Drug Safety in preclinical studies

The development of new medicines is a long and expensive process. Despite growing efforts in R&D over the last decades, the attrition rate due to safety (especially cardiac toxicity) remains a major challenge for the pharmaceutical industry. Hence, safety assessment is of crucial importance during preclinical drug evaluation and is particularly vital for upholding the integrity of the study and regulatory compliance.

Safety pharmacology studies are defined as those studies that investigate the potential undesirable pharmacodynamic effects of a substance on physiological functions, in relation to exposure in the therapeutic range and above” (source ICH S7A).


When you work with Biotrial, you are partnering with a global CRO with a team of preclinical experts holding extensive experience in drug safety and working in state-of-the-art laboratory facilities to deliver high-quality data and reports.


Early Safety De-risking

Early safety de-risking is a process of conducting non-GLP safety studies early in the drug development process to reduce the risks, time delays, and costs of advancing basic research compounds. This approach can help to identify potential safety concerns early on so that they can be addressed before moving into more expensive and time-consuming GLP studies.

Biotrial offers a variety of early safety de-risking services and solutions, including:

  • Anesthetized and telemetered studies: anesthetized and fitted with telemetry devices to monitor their heart rate, blood pressure, and other physiological parameters, this study allows for the early detection of potential cardiac toxicity, as well as other safety concerns.
  • Rapid screening format for early detection of QT prolongation and other CV issues: This format uses a high-throughput approach to screen for potential QT prolongation and other cardiovascular safety concerns. This can help to identify potential problems early on so that they can be addressed before moving into clinical trials.

By conducting early safety de-risking studies, Biotrial can help to improve the safety of new drugs and reduce the risk of costly failures in clinical trials.


The core battery of safety pharmacology studies is a set of tests that are conducted to investigate the potential effects of a drug on the central nervous, cardiovascular, and respiratory systems and anticipate future effects in patient trials. These systems are considered to be the most vital for life, and therefore, any potential adverse effects on these systems could have serious consequences. The core battery of safety pharmacology studies typically includes the following tests:

Central nervous system (CNS) studies

CNS studies are important in the safety assessment of new drugs because the brain and spinal cord are vital organ systems that control many important functions, such as movement, cognition, and behavior. CNS studies can help to identify potential adverse effects of drugs on the CNS, such as sedation, motor impairment, and cognitive dysfunction. These studies can also help to determine the safe dose range of a drug for the CNS.

By conducting CNS studies, Biotrial can help to ensure the safety of new drugs for the CNS. This is an important part of the drug development process, as it helps to protect patients from potential harm and protects the validity of a client’s project.

  • Irwin Test / Functional Observational Battery
  • Rodents and large animals
  • Can be adapted according to your in-house protocol

Cardiovascular system (CVS) studies

CVS studies are important in the safety assessment of new drugs because the heart and blood vessels are vital organ systems that are essential for circulation and blood flow. CVS studies can help to identify potential adverse effects of drugs on the cardiovascular system, such as QT prolongation, arrhythmias, and heart failure. These studies can also help to determine the safe dose range of a drug for the cardiovascular system.

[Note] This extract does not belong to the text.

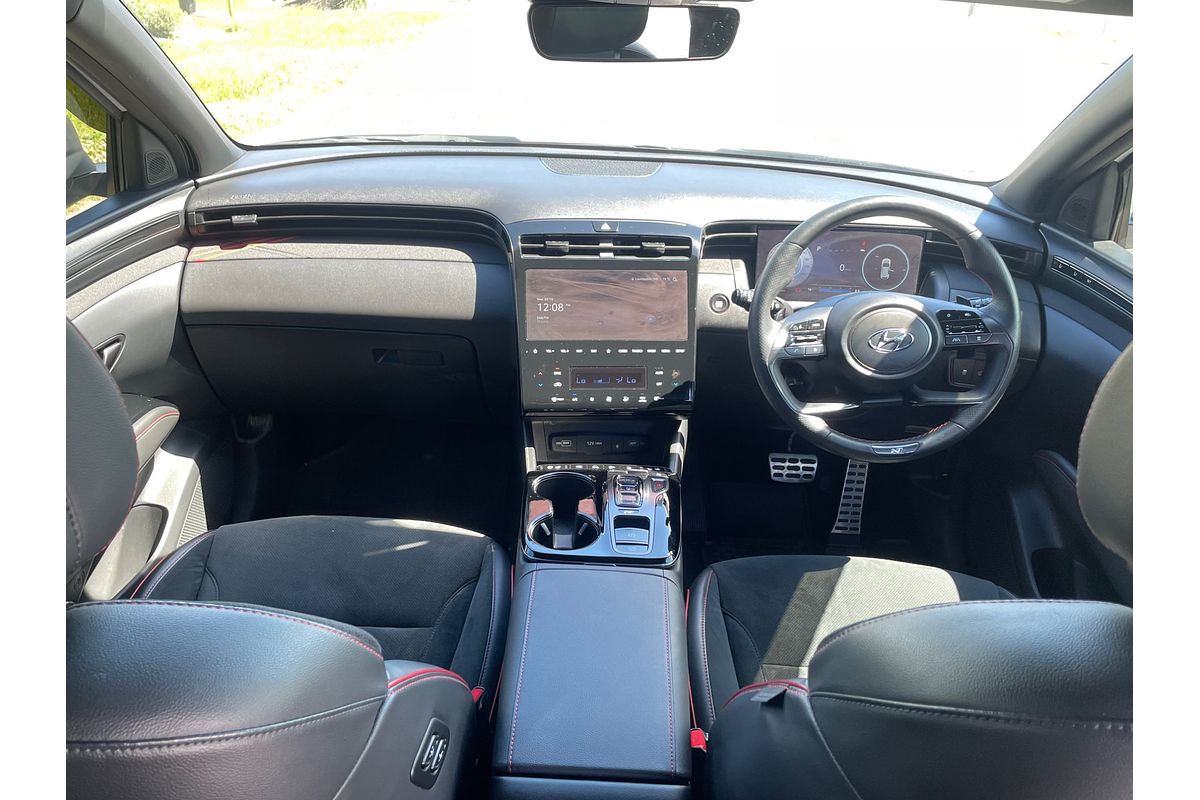 2023 Hyundai Tucson Highlander N Line NX4.V2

Biotrial offers a comprehensive range of CVS studies, including ECG, telemetry, and blood pressure measurements. These studies are conducted in rodents and large animals, such as dogs and monkeys.

  • Anesthetized and conscious models.
  • Rodents and large animals
  • Multi-frequency telemetry recording in group-housed animals
  • High-quality ECG in chronically-instrumented animals
  • QT evaluation / Arrhythmias detection, according to ICH S7B

Respiratory system (RS)

Respiratory system (RS) studies are important in the safety assessment of new drugs because the lungs are a vital organ system that is essential for breathing and gas exchange. RS studies can help to identify potential adverse effects of drugs on the respiratory system, such as respiratory depression, bronchoconstriction, and pulmonary edema. These studies can also help to determine the safe dose range of a drug for the respiratory system.

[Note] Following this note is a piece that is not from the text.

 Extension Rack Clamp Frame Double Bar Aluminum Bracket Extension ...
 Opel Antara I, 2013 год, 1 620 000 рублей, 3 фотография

  • Whole-body plethysmography in mouse, rat, and guinea pig (IV route of administration possible)
  • Specific tests that are performed may vary depending on the drug and the species being studied.

Safety Pharmacology Studies: Follow-up and Supplemental Studies

Safety concerns may arise from core battery studies, clinical trials, other experimental in vitro or in vivo studies or from literature reports. If such potential adverse effects raise concern for human safety, these should be explored.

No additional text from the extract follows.